Invent a real Star Trek tricorder, win $10m

Invent the Star Trek tricorder, win $10m
Beam me up, Scotty - sorry Star Trek fans

Time to put your money where your mouth is, Trekkies/Trekkers – well, Qualcomm's money, as the company is offering a $10 million (£6.5 million) to whoever can build a real life tricorder.

There are a few caveats to the Qualcomm Tricorder X Prize which was launched this week at CES 2012 – your gadget will have to actually work, so it needs to be able to capture health info (presumably stuff like blood pressure, temperature etc) and be able to diagnose 15 diseases.

And, because it'll have to be usable, it can't weigh any more than 2.2kg.

Already out of Star Trek catchphrases

Star Trek's fictional tricorder is a handy gadget that can diagnose what's ailing a person simply by scanning them.

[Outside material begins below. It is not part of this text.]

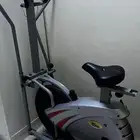 سير مشاه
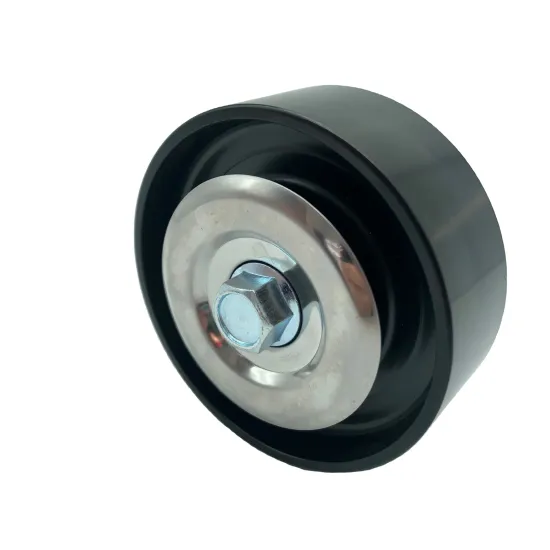 High Quality Tensioner Bearing Pulley 88440-0K060 - Best Price for Vehicle Engine Parts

It was first thought up in 1966 and now, 45 years later, the time is ripe for it to hop from science fiction to science fact.

Peter Diamandis, X Prize Foundation chairman, isn't too worried about shelling out that $10 million any time soon.

He commented, "The challenges are: What is it you detect, what are the samples you can get and how do you put it all together in one gizmo?

"I don't think there'll be many people getting that prize in the near future."

So you have to ask yourself, why bother?

"What we're looking for is to launch a new industry. The tricorder that was used by Spock and Bones inspires a vision of what healthcare will be like in the future," he said.

"It will be wireless, mobile and minimally- or non-invasive. It may use digital imaging, it may be sequencing your DNA on the spot to tell you if you are allergic to something you just ate."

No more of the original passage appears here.